---- Data for this task
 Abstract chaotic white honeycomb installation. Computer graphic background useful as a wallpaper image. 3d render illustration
--------
---- Data for this task
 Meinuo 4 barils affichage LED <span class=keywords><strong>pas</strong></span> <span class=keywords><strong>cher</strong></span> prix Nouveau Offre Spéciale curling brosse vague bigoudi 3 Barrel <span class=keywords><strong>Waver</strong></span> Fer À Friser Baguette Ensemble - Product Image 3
--------
---- Data for this task
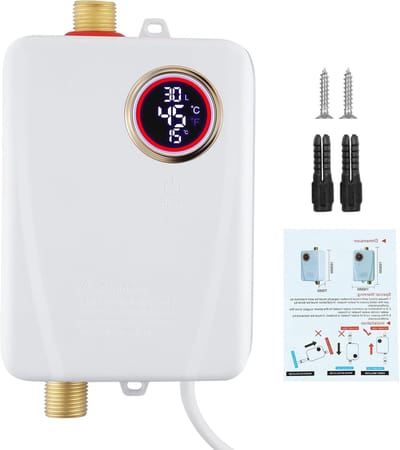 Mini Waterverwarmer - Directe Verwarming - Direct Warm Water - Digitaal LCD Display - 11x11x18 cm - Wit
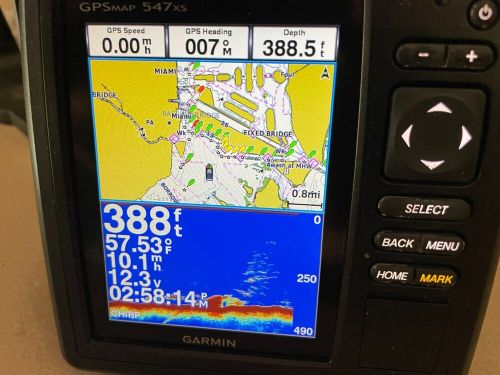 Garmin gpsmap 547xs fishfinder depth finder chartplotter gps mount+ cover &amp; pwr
--------
- **About this exercise**
The answer must be the lines above from the one containing "Mini Waterverwarmer - Directe" through the one containing "Garmin gpsmap 547xs", reproduced exactly, with no pictures and nothing else.

- **Output of the exercise**
 Mini Waterverwarmer - Directe Verwarming - Direct Warm Water - Digitaal LCD Display - 11x11x18 cm - Wit
 Garmin gpsmap 547xs fishfinder depth finder chartplotter gps mount+ cover &amp; pwr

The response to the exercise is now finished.